A DIAR system cannot avoid to take into account the textual page contents. This point of view is the subject of a paper [PAMI06] where we described a system for the document retrieval on the basis of keywords needed by the user. One salient feature of the proposed approach is the independence, during the indexing with respect to the specifig language and font of the stored documents.

The methods for layout-based and textual-based document retrieval have been integrated into a single system that allows users to retrieve relevant documents combining the two basic approaches in several ways [DIAL04].

top


Layout analysis and page classification


The segmentation of document images is aimed at identifying regions having a homogeneous content that can be subsequently processed with appropriate techniques. Methods based on MXY tres are well known and are based aon a recursive segmentation of the page along white spaces that span the whole image. With the aim of processing pages containing horizontal and vertical ruling lines we proposed in [ICDAR99] the MXY tree segmentation algorithm. The MXY trees can be used both for page segmentation and for document page classification.

In the STRETCH (STorage and RETrieval by content of imaged documents) European Project we developed a system for the storage and retrieval of commercial invoices that is based on the extraction of a suitable symbolic description of the invoice structure by means of MXY trees [IJDAR02][\ref{}].

We recently extended our research towards the information extraction from documents (books and journals) belonging to Digital Libraries. The DSI participation to the METAe (the Metadata Engine) project was mainly devoted to the classification of book and journal pages by means of artificial neural networks dealing with the MXY tree page representation [DEXA01].

MXY trees have been also used for tbale location in technical papers [ICPR02]. Other approaches are related to the use of tree grammars for training set expansion for improving page classification performance [ICDAR03b].

top


Logo Recognition


The logo recognition is an usefull tool for document identification (for instance for the classification of commercial invoices). Differently from character recognition in logo recognition the number of classes is not fixed and can change dinamically.
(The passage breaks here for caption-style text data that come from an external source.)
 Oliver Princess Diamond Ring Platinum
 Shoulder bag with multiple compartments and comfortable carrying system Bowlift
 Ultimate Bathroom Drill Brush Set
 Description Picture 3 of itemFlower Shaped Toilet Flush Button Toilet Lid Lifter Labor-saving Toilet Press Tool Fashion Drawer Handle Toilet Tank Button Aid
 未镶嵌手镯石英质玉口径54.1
It is therefore appropriate to build modular classifiers like the one proposed in [GREC97] that is based on autoassociators.
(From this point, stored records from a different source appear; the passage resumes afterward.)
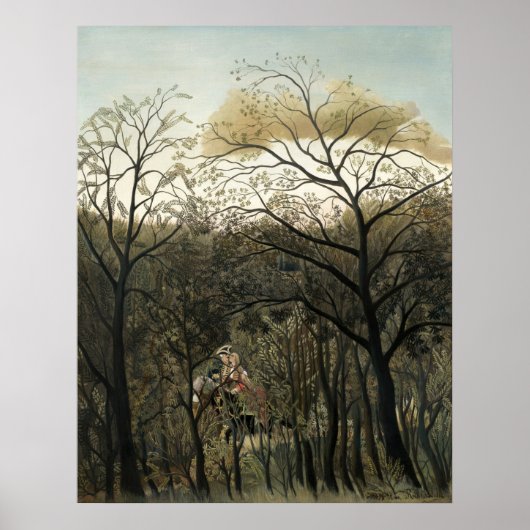 Rendezvous in Forest - Henri Rousseau Fine Art Poster (Voorkant)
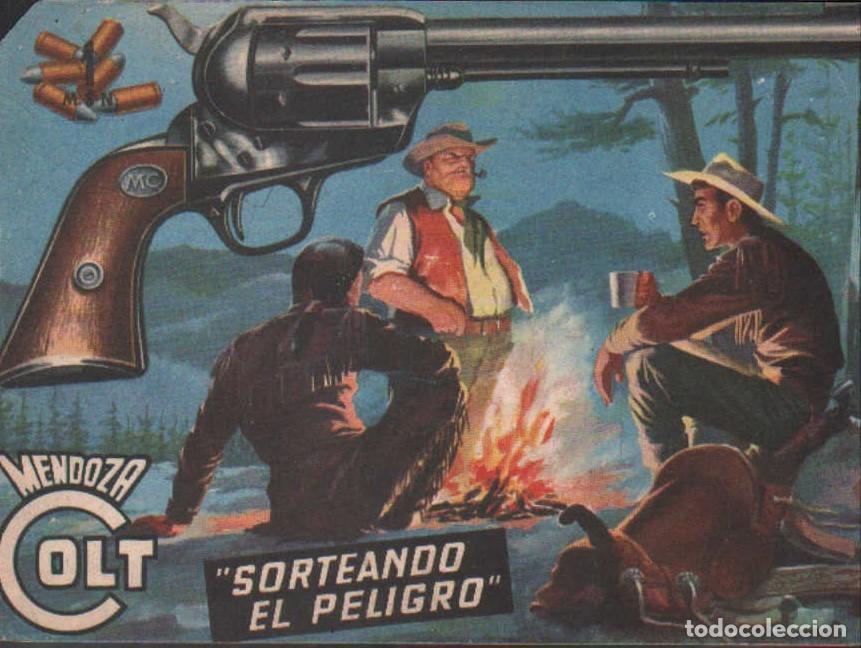 Tebeos: MENDOZA COLT N&ordm;. 21: SORTEANDO EL PELIGRO. A-COMIC-8681 - Foto 1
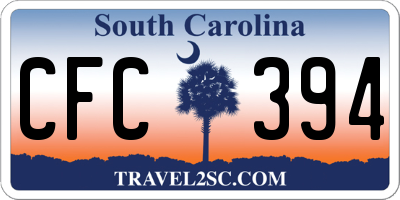 SC license plate CFC394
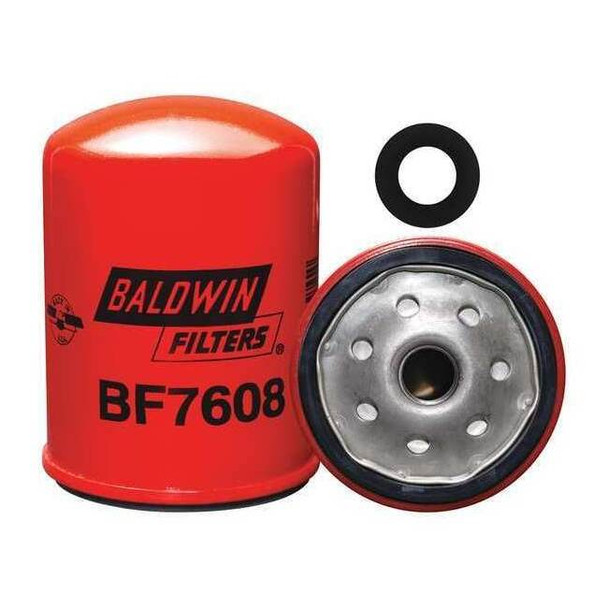 Baldwin Filters Fuel Filter,4-3/32 x 3-1/32 x 4-3/32 In BF7608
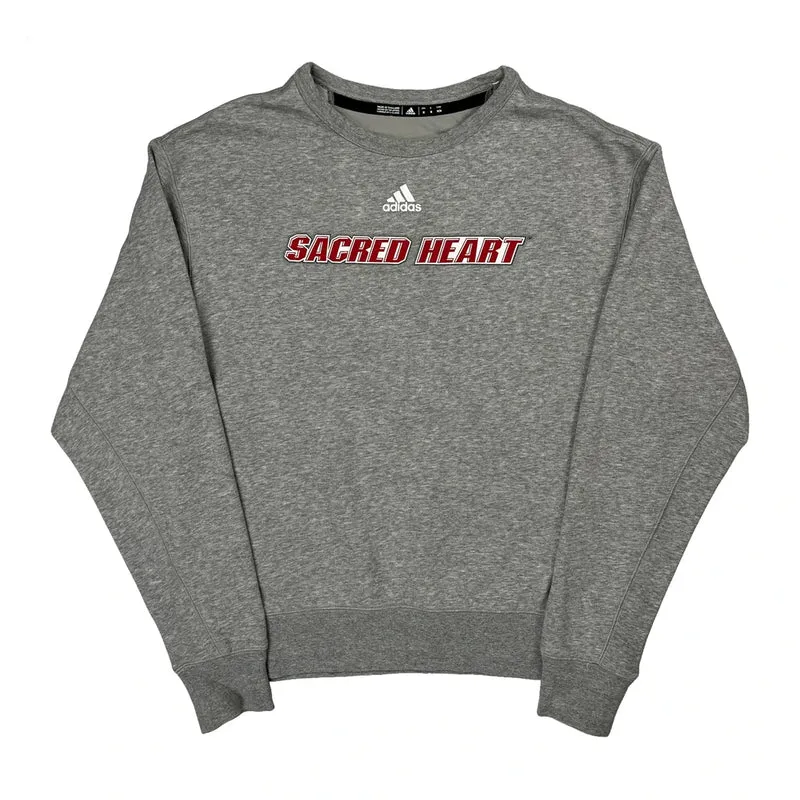 Adidas College Sweatshirt - Medium Gray Cotton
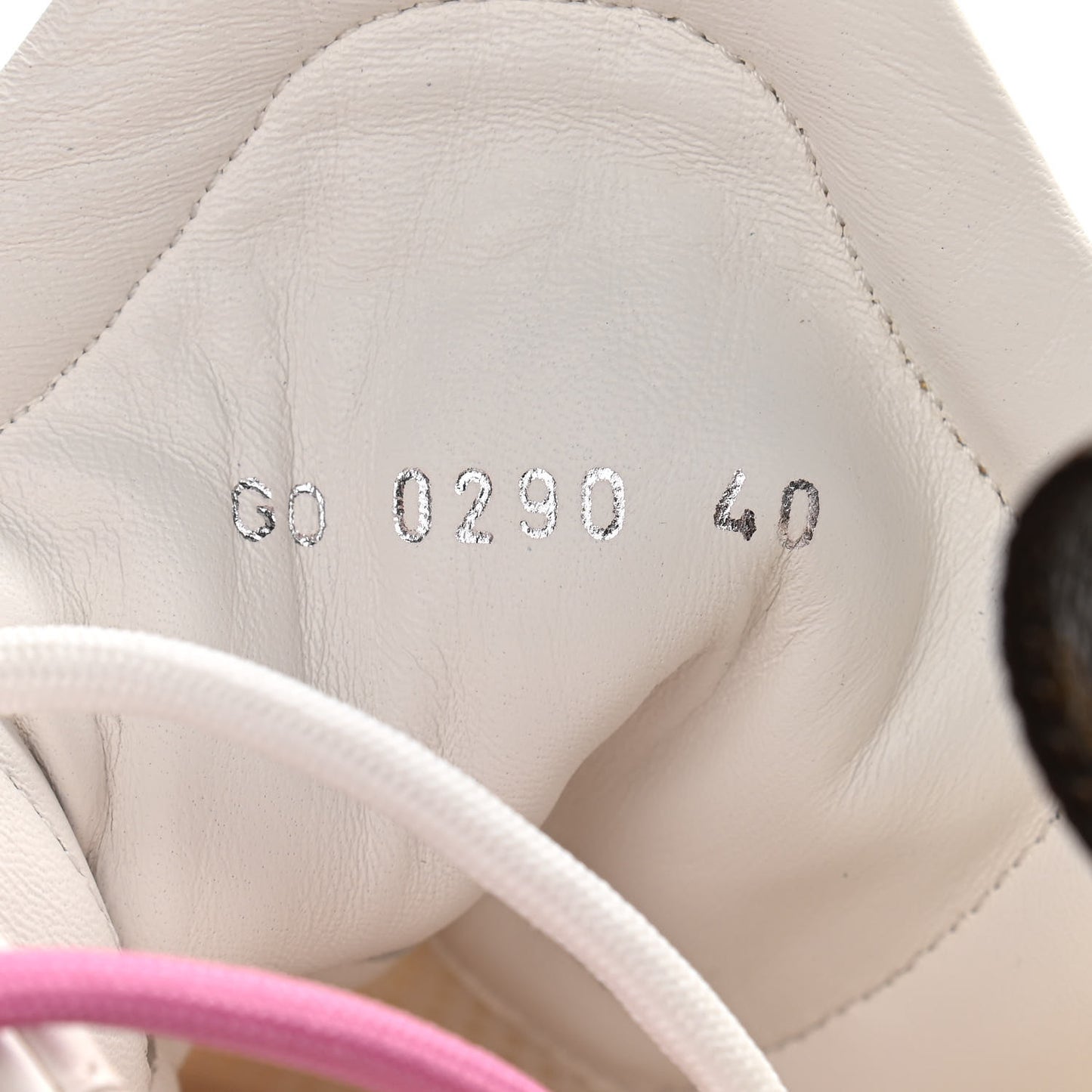 Calfskin Technical Nylon LV Archlight Sneakers 40 White Pink Yellow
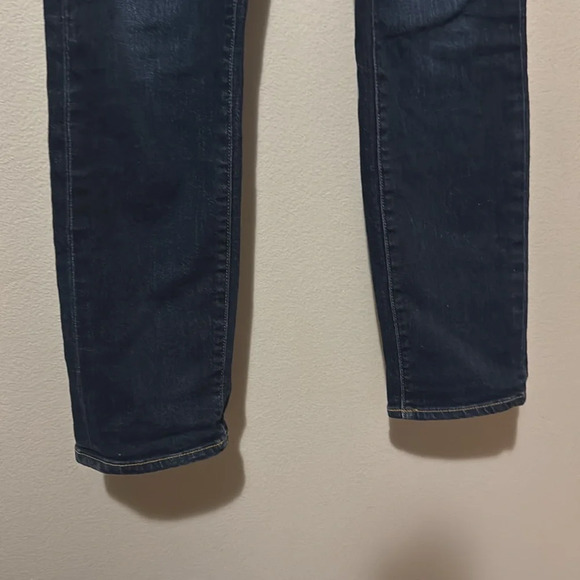 PAIGE skyline ankle peg jeans size 27 EUC dark wash premium denim emery blue - Picture 3 of 13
The autoassociators have been used also for the recognition of rotated and noisy logo [PR03]. In this case we modified the training algorithm of autoassociators so as to take into account the information corresponding to the logo contour and reduce the effect of blobs of noise (e.g. black or white stripes).

top


Form and invoice reading systems


The main difficulties in form processing is the document registration and the identification of the information fields that are not placed in fixed positions in the page. A new model for processing variable layout forms has been proposed in [ICDAR95] and [DEXA95] where we discussed also suitable algorithms for the document registration and information field location. The proposed approach has been demonstrated into a running system for the description and analysis of the layout of structured documents [PAMI98].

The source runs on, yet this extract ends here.